++++ Data records

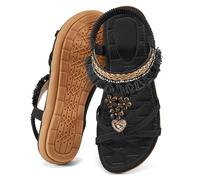 Aomigoct Sandali piatti da donna: scarpe piatte casual estive con cinturino elastico alla caviglia da donna, sandali piatti bohémien a punta aperta, eleganti da spiaggia, Nero , 39 EU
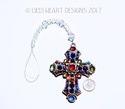 HUGE COLORFUL Stained Glass Gem Vintage Look m/w S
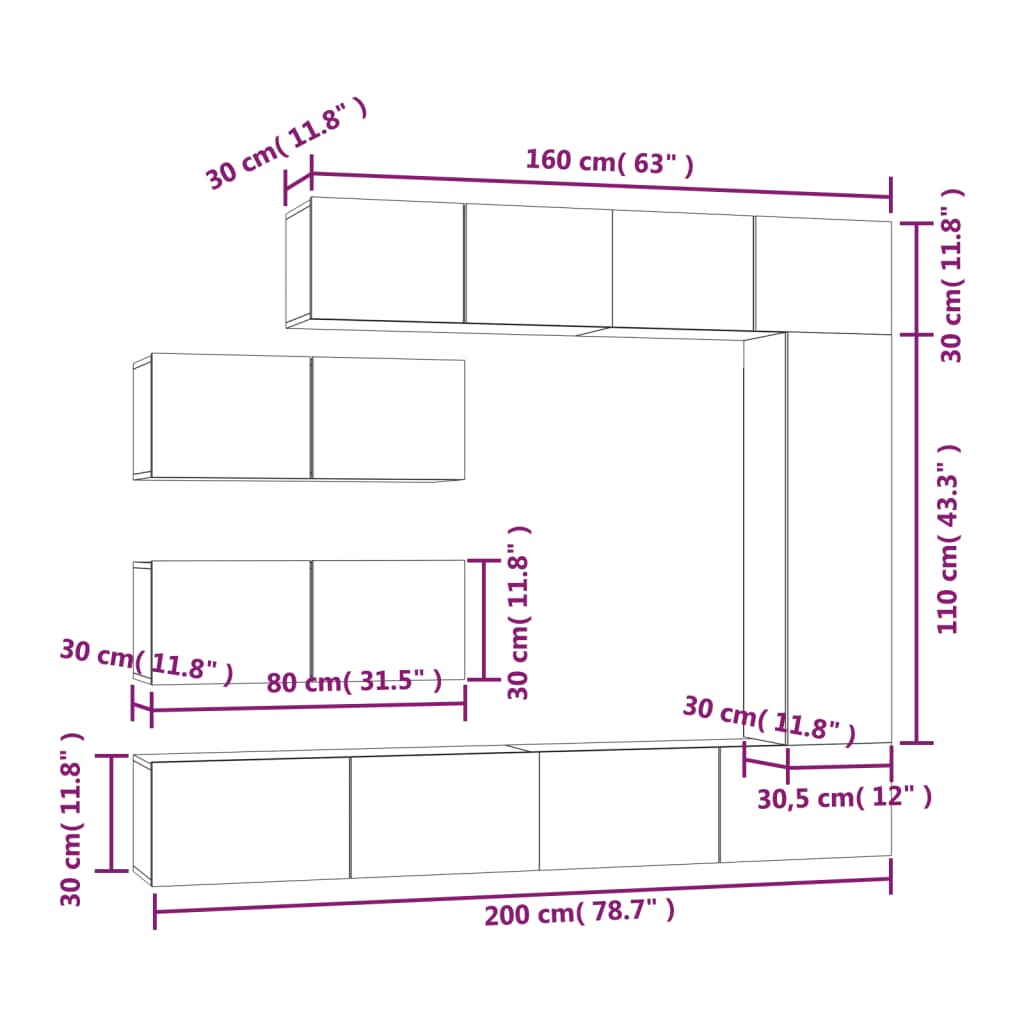 Tv Cabinet Set | Set of 7 | White | Engineered Wood | Medium to Large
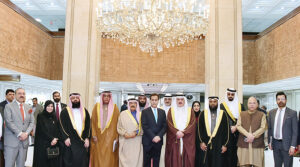 Speaker National Assembly Sardar Ayaz Sadiq in a group photo with Bahraini Parliamentary Delegation headed by Speaker of the Council of Representatives of Bahrain Dr. Ahmed bin Salman Al-Musalam at Parliament House.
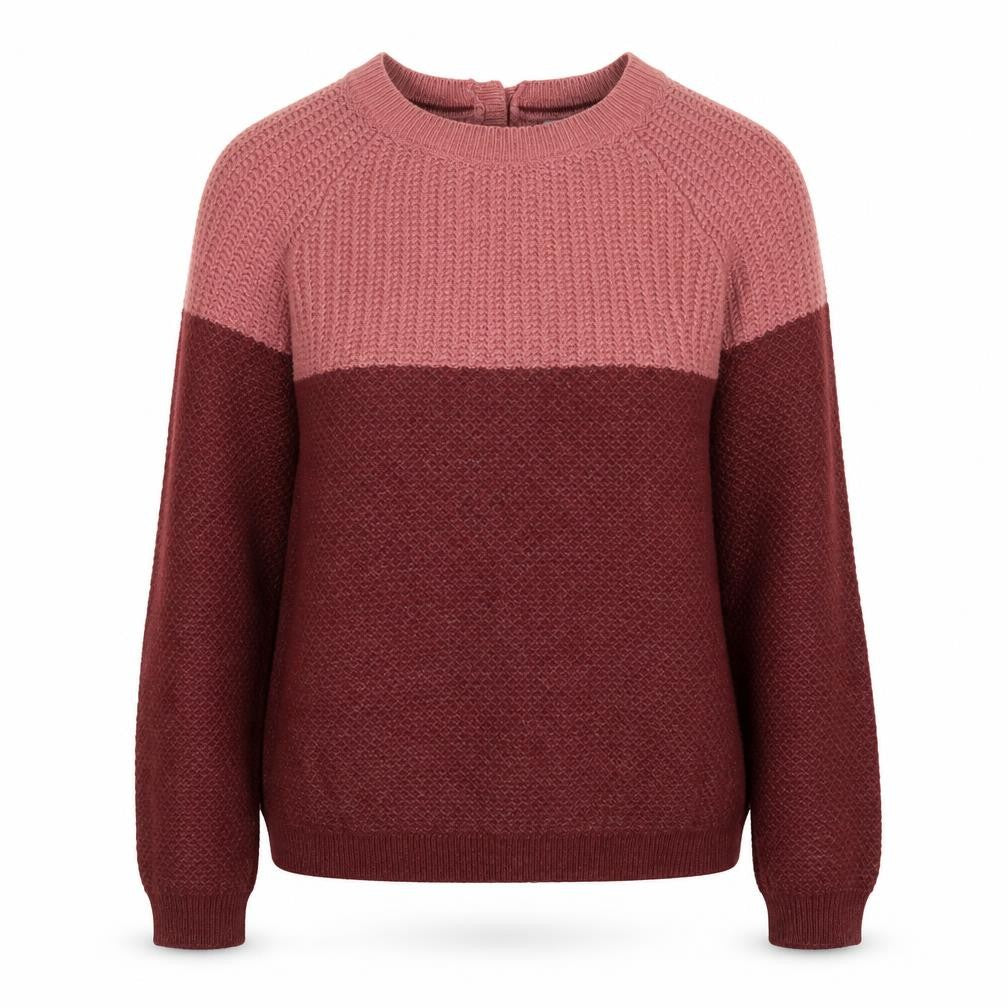 Fat Face Women's Pink Colour Block Knit Jumper Size 10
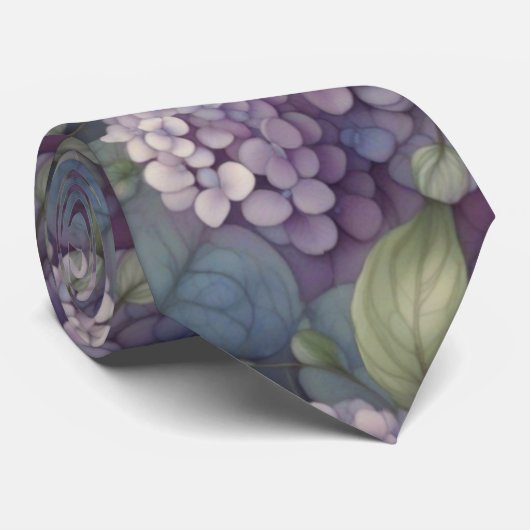 Elegante chique stoffige paarse boho waterverf blo stropdas (Opgerold)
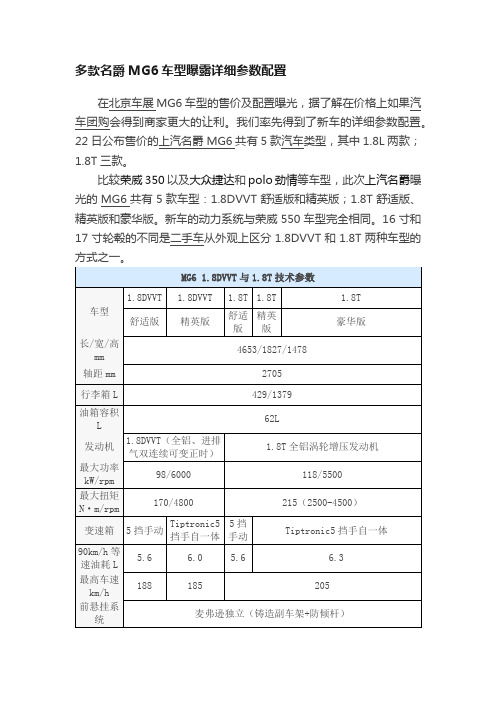 多款名爵MG6车型曝露详细参数配置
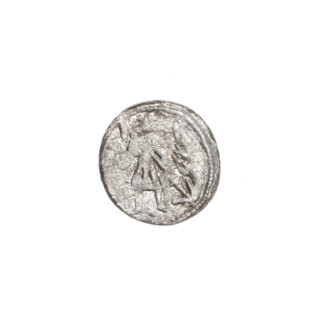 Denarius, Boleslaw III Krzywousty (prince of Poland; 1086–1138). Obverse: in the beaded border, a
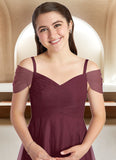 Lea A-Line Off the Shoulder Tulle Floor-Length Junior Bridesmaid Dress Cabernet STIP0022873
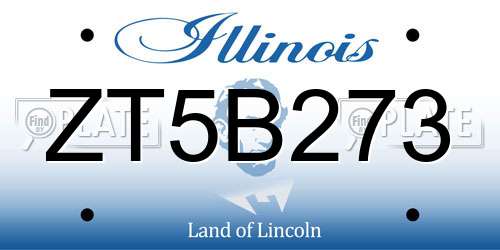 ZT5B273 Illinois License Plate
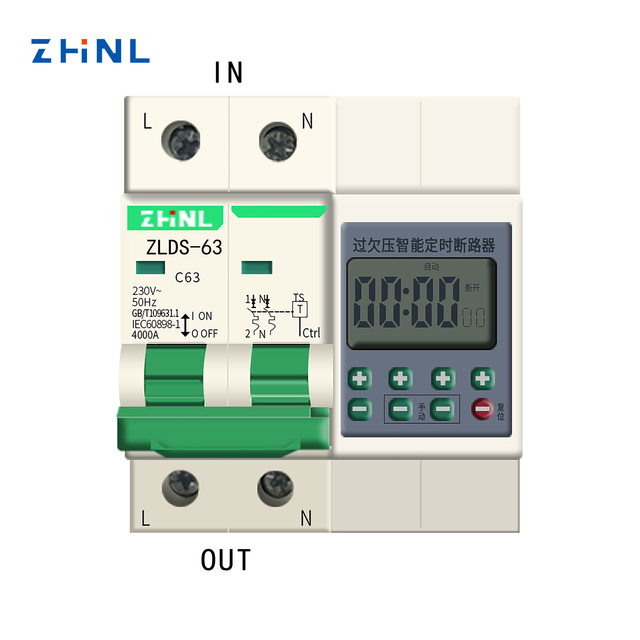 Adjustable Single Phase Knob Countdown Timer Circuit Breaker 2P 4P Automatic Transfer Intelligent Adjustable Time Switch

++++++++

Exercise directions
What is needed is an exact repeat of every entry above, with the pictures left out.

Reply
 Aomigoct Sandali piatti da donna: scarpe piatte casual estive con cinturino elastico alla caviglia da donna, sandali piatti bohémien a punta aperta, eleganti da spiaggia, Nero , 39 EU
 HUGE COLORFUL Stained Glass Gem Vintage Look m/w S
 Tv Cabinet Set | Set of 7 | White | Engineered Wood | Medium to Large
 Speaker National Assembly Sardar Ayaz Sadiq in a group photo with Bahraini Parliamentary Delegation headed by Speaker of the Council of Representatives of Bahrain Dr. Ahmed bin Salman Al-Musalam at Parliament House.
 Fat Face Women's Pink Colour Block Knit Jumper Size 10
 Elegante chique stoffige paarse boho waterverf blo stropdas (Opgerold)
 多款名爵MG6车型曝露详细参数配置
 Denarius, Boleslaw III Krzywousty (prince of Poland; 1086–1138). Obverse: in the beaded border, a
 Lea A-Line Off the Shoulder Tulle Floor-Length Junior Bridesmaid Dress Cabernet STIP0022873
 ZT5B273 Illinois License Plate
 Adjustable Single Phase Knob Countdown Timer Circuit Breaker 2P 4P Automatic Transfer Intelligent Adjustable Time Switch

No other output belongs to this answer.